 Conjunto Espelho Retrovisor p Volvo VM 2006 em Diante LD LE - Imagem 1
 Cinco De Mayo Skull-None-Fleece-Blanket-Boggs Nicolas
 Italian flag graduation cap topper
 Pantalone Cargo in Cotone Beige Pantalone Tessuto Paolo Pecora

# # # # #

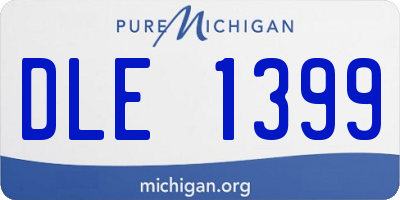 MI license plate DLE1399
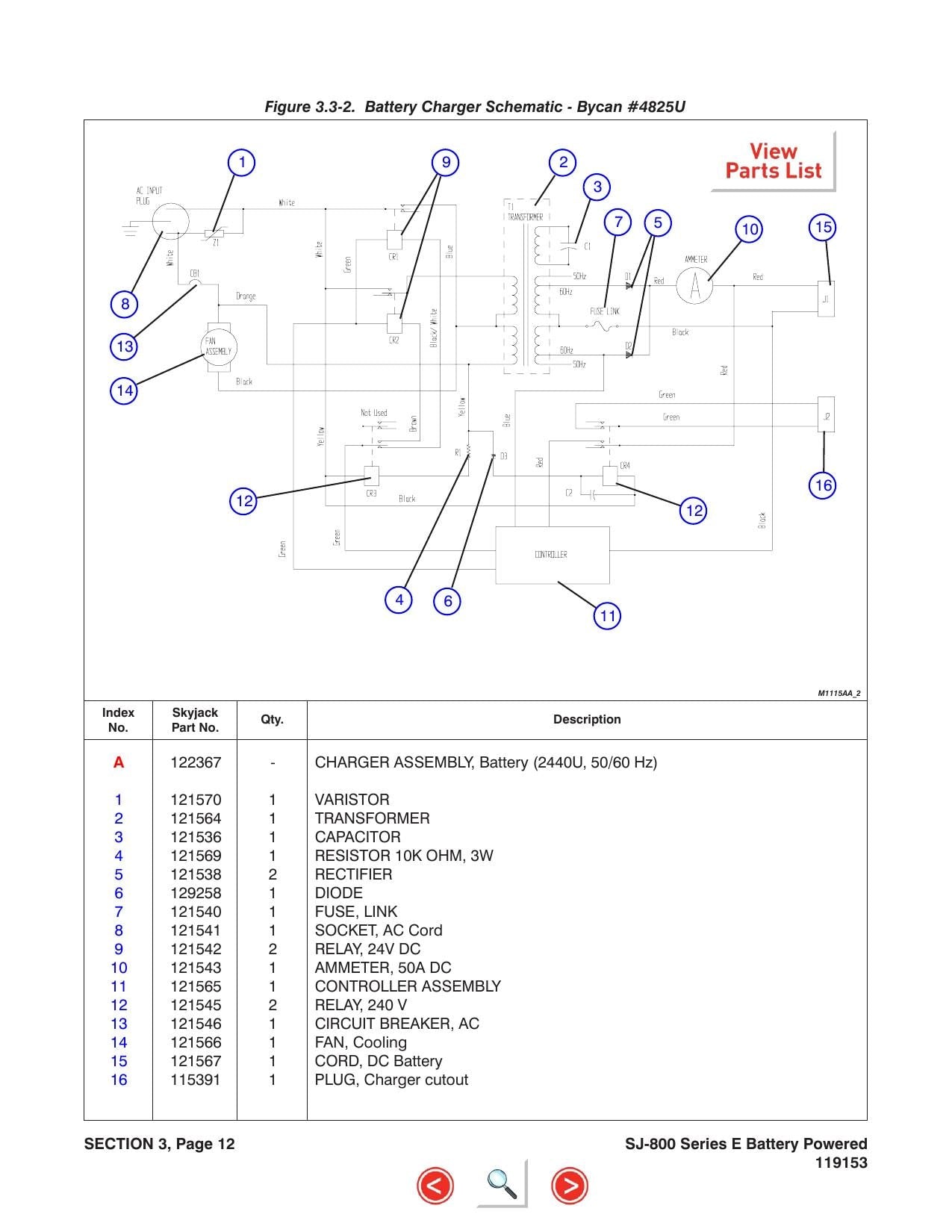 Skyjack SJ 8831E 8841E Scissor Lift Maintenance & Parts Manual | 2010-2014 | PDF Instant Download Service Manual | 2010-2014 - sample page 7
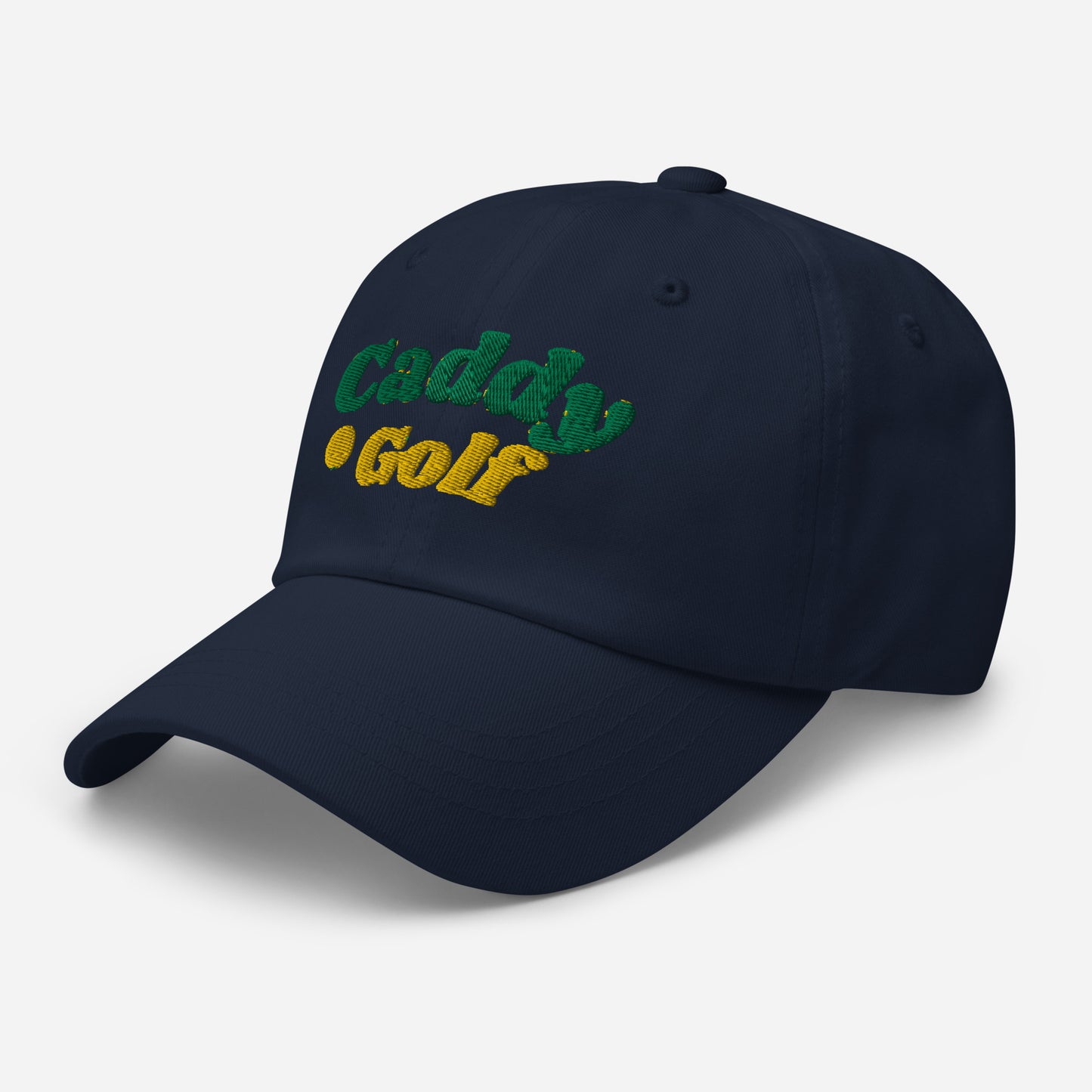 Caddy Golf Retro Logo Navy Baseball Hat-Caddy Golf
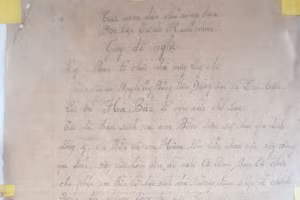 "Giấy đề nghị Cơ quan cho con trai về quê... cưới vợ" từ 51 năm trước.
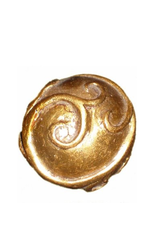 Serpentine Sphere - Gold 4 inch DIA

# # # # #

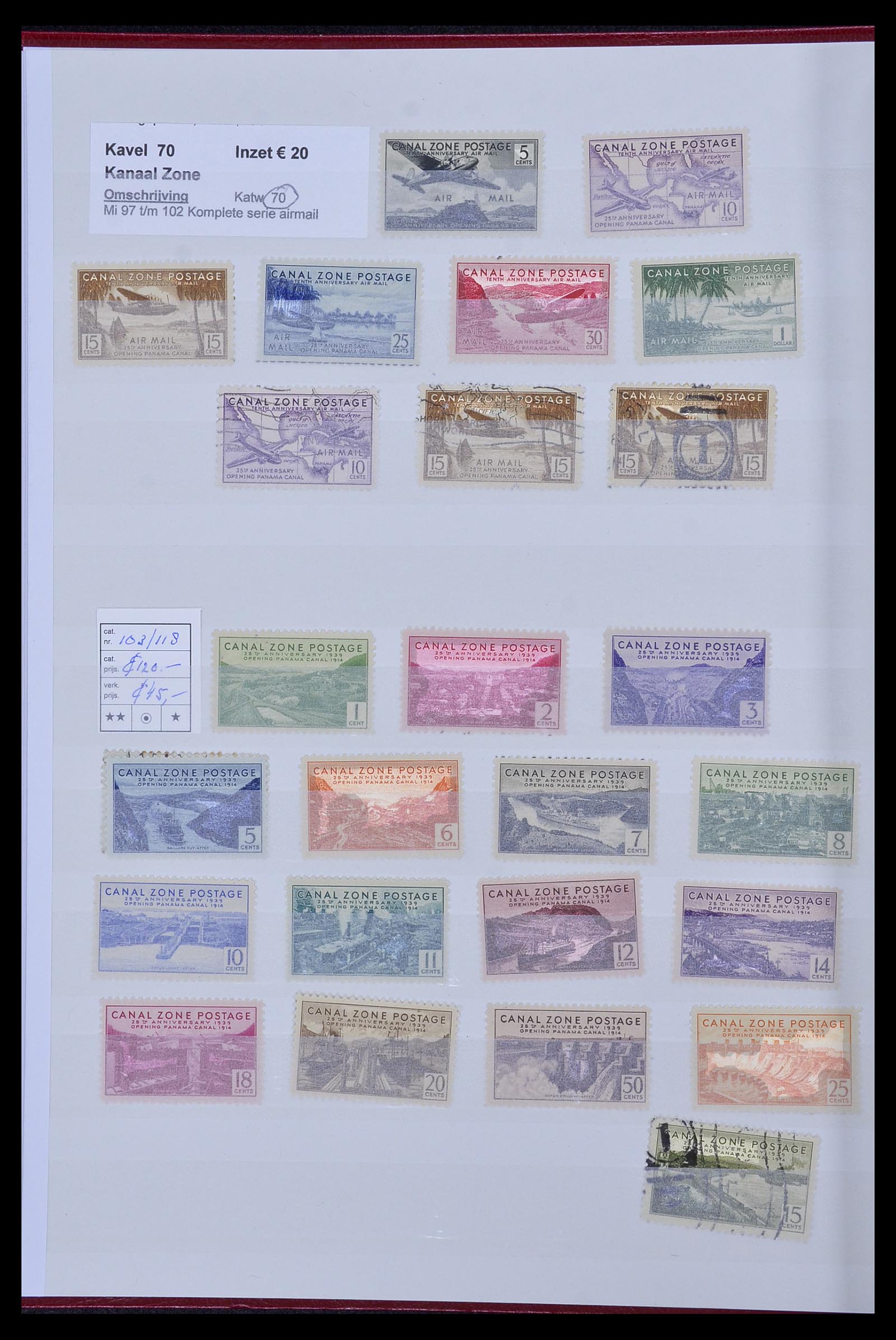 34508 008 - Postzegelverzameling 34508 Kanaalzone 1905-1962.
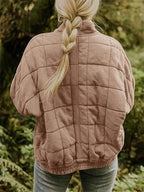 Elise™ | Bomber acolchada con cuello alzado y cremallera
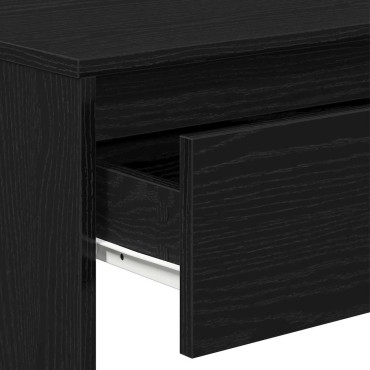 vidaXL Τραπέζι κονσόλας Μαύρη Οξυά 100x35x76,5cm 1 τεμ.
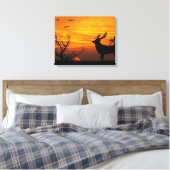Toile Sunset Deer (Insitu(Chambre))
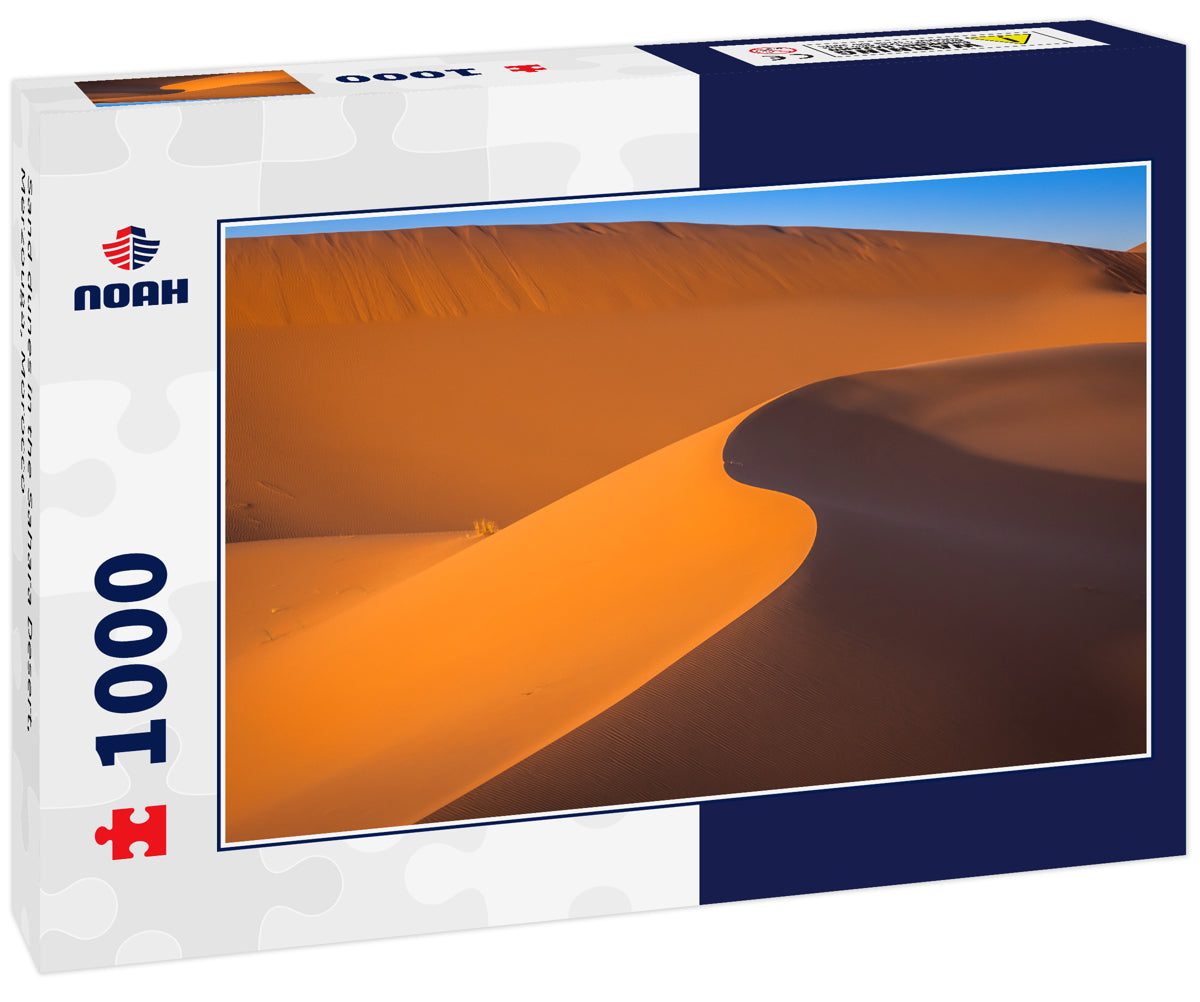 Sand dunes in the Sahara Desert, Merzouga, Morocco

# # # # #

**Task to complete**
Write out the lines above from the one with "Elise™ | Bomber" through the one with "Sand dunes in", ends included, exactly; no picture goes in.

**Problem solution**
 Elise™ | Bomber acolchada con cuello alzado y cremallera
 vidaXL Τραπέζι κονσόλας Μαύρη Οξυά 100x35x76,5cm 1 τεμ.
Toile Sunset Deer (Insitu(Chambre))
 Sand dunes in the Sahara Desert, Merzouga, Morocco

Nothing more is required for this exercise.